2. Sale and Purchase of Shares.
---------------------------
2.1. Subscription for Shares by Investor. Subject to the terms and
conditions of this Agreement, each of the Investors hereby agrees to purchase
the Shares from the Company, and the Company hereby agrees to issue and sell the
Shares to each of the Investors, in the respective number of Shares set forth on
the signature pages hereof, at a purchase price equal to $.001 per share, for an
aggregate purchase price of $22,500 (the "Consideration").
2.2. Closing; Deliveries.
-------------------
(a) The closing of the acquisition of the Shares (the "Closing")
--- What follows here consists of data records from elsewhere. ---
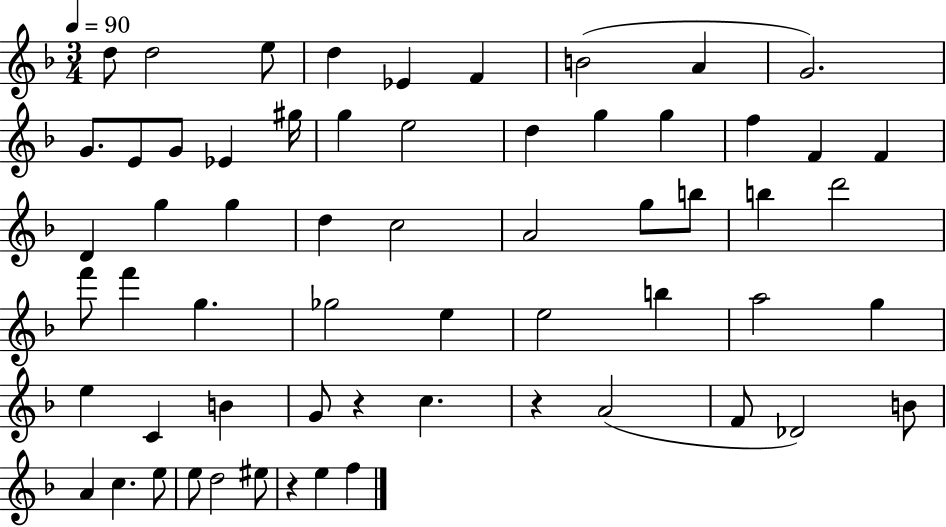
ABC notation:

X:1
T:Untitled
M:3/4
L:1/4
K:F
d/2 d2 e/2 d _E F B2 A G2 G/2 E/2 G/2 _E ^g/4 g e2 d g g f F F D g g d c2 A2 g/2 b/2 b d'2 f'/2 f' g _g2 e e2 b a2 g e C B G/2 z c z A2 F/2 _D2 B/2 A c e/2 e/2 d2 ^e/2 z e f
shall take place at the offices of Xxxxxxxxx Xxxxxxx, LLP, counsel to the
Company, at 000 Xxxx Xxxxxx, 00xx Xxxxx, Xxx Xxxx, Xxx Xxxx 00000, or at such
other place as the parties may mutually agree upon, at 10:00 a.m. on February
20, 2003 or such other date and time on which the parties may mutually agree
(the "Closing Date").
(b) At or promptly after the Closing, the Company shall deliver
to each of the Investors, against delivery by each Investor of his respective
share of the Consideration (as provided below), a duly issued stock certificate
representing the respective number of Shares purchased by such Investor as set
forth on the signature pages hereof. The Consideration shall be paid by (i)
certified check, or (ii) wire transfer of immediately available funds in
accordance with wire transfer instructions which will be provided by the Company
upon an Investor's request.
3. Representations, Warranties and Acknowledgments of the Investor.
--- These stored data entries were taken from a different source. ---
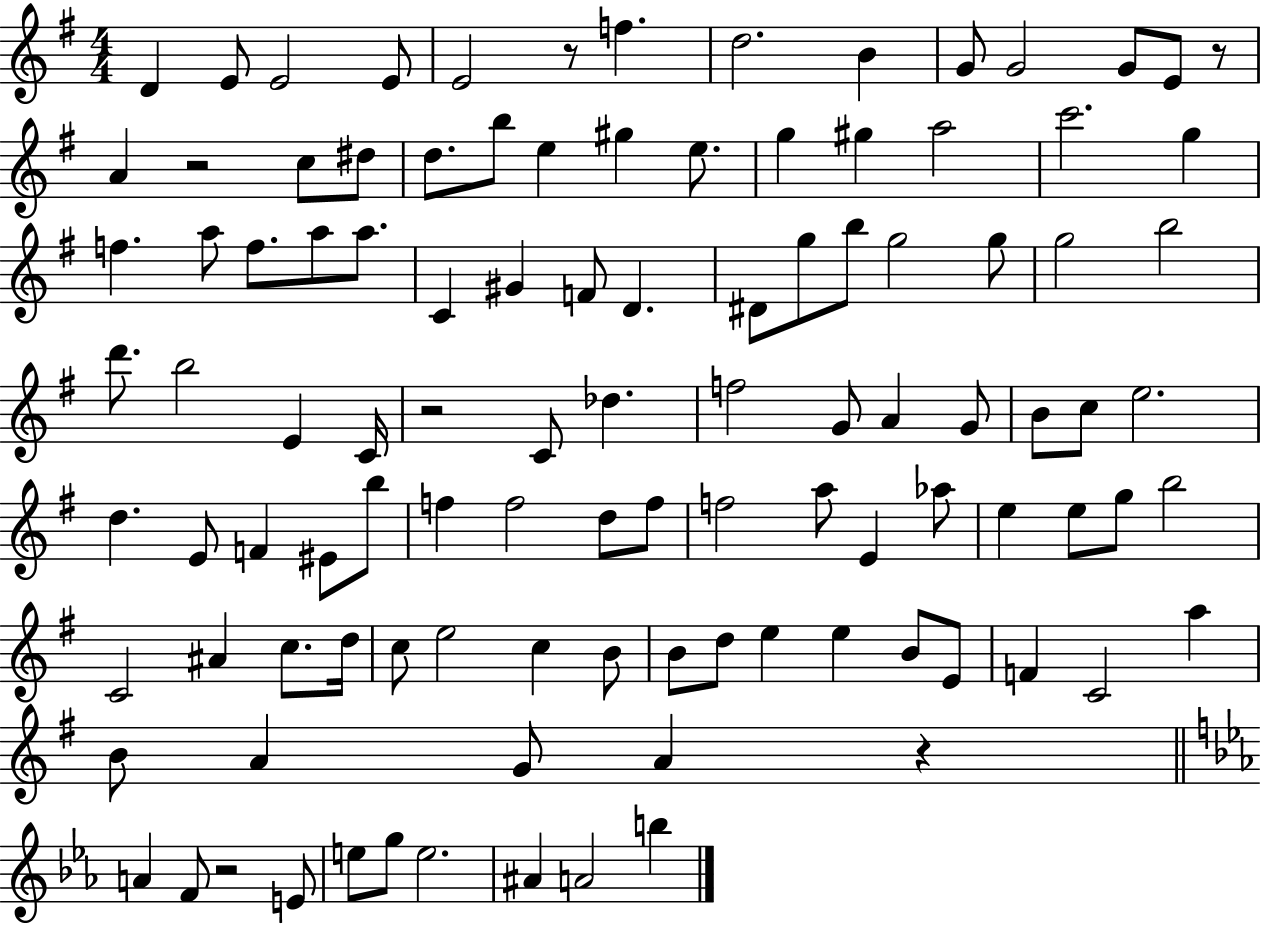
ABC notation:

X:1
T:Untitled
M:4/4
L:1/4
K:G
D E/2 E2 E/2 E2 z/2 f d2 B G/2 G2 G/2 E/2 z/2 A z2 c/2 ^d/2 d/2 b/2 e ^g e/2 g ^g a2 c'2 g f a/2 f/2 a/2 a/2 C ^G F/2 D ^D/2 g/2 b/2 g2 g/2 g2 b2 d'/2 b2 E C/4 z2 C/2 _d f2 G/2 A G/2 B/2 c/2 e2 d E/2 F ^E/2 b/2 f f2 d/2 f/2 f2 a/2 E _a/2 e e/2 g/2 b2 C2 ^A c/2 d/4 c/2 e2 c B/2 B/2 d/2 e e B/2 E/2 F C2 a B/2 A G/2 A z A F/2 z2 E/2 e/2 g/2 e2 ^A A2 b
---------------------------------------------------------------
Each of the Investors hereby represents, warrants and acknowledges to
the Company as to itself, as follows:
3.1. Execution, Delivery and Performance.
-----------------------------------
The Investor has full right, power and authority to execute and
deliver this Agreement and to perform its obligations hereunder and this
Agreement has been duly authorized, executed and delivered by it and is valid,
binding and enforceable against it in accordance with its terms.
2
3.2. No Conflicts.
------------
None of the execution, delivery and performance of this Agreement by
the Investor will conflict with, or result in a breach of any terms or
provisions of, or constitute a default under, any material contract, agreement
or instrument to which the Investor is a party or by which the Investor is
bound.
3.3. Investment Representations.
--------------------------
(a) The Investor understands that the offering and sale of the
Shares is intended to be exempt from registration under the Securities Act of
1933, as amended (the "Securities Act"), by virtue of the provisions of Section
4(2) of the Securities Act and Regulation D adopted thereunder ("Regulation D").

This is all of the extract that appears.